The men's General is Model # 7 4260D and girl's 7 4261 or 4264, I'm not sure it's kinda rough. The previously found men's Rocket bikes were also model 4260's, but with no 7 in front, so I'm guessing the 7 might indicates the General. I still have no idea why some have a C or D or no letter after the 4260? And no surprise, they are both 1953's like all the rest.

Next mystery that neither one of these helps answer, is still what headlight came OG on these bikes? There has yet to be found a 100% complete bike. But from what I can gather, I am pretty sure that the Rocket version came with a Monark Pedestal light but mounted directly to the fender without the pedestal. A Delta Winner, Rocket Ray, and unknow middleweight era headlight have been seen on some of the other bikes.

Finally, for me the biggest mystery is still why there is no known/found catalog page or advertisement for these bikes.

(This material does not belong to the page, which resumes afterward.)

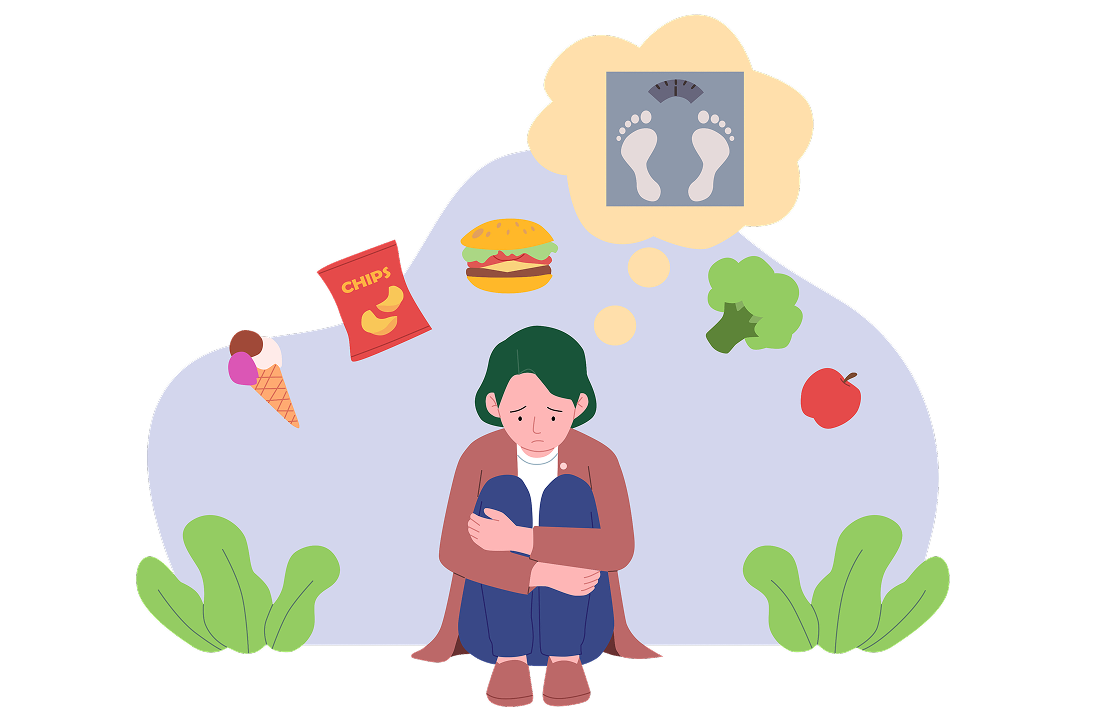 What are eating disorders?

Monark was always very big on their advertising and promoting of their bikes. They always had very catchy names for their newest improvements and flashy accessories.  “Air-Style” design Headlight with Brilliant “Road-Focus” Beam.  “Silver-Wing” Fender Crest (Rocket Trim on Front Fender). “Kromegard” bumper & shock-proof (“Tombstone” Type) Rear Reflector. “Strato-Liner” Headlight with “Road Focus” beam (aka “Train Light”). “Air Wing” Head Shroud with Head Plate. “Protecto-Gard” tank crash rails. 
1953 was obviously a big year for them to TRY new things to catch more of the market and compete with the competition. They introduced the new knee action fork, and obviously this bike with the new "Protecto-Gard Tanks Shields" would have been something they would have promoted the hell out of, so where are the ads? And yes, I just made up that name because it sounds like something they would have called it.

I hope to have pictures of the Generals coming soon!


----------



## 10~18kustoms (Mar 31, 2022)

Here is a before pictures from the previous owner of the latest 5 Star General to show up. It has several parts that don't look original to the bike, most obvious is the headlight, Super Deluxe style fork crown, seat, and grips. But it is the first mostly complete men's General badged shielded tank bike to surface. I hope to have more and better pictures once I get it reassembled.


----------



## 10~18kustoms (Apr 2, 2022)

Back together but still needs a few things to be more correct, they're always a work in progress.






7 mostly complete men's & 3 girls Shielded tank Rockets now accounted for. 
I'm hoping to get the girls 5 Star General back together soon as the weather is warm enough for an OA bath. 
If you know of any others let me know!


----------



## oldfart36 (Apr 3, 2022)

Very Kool Marty


----------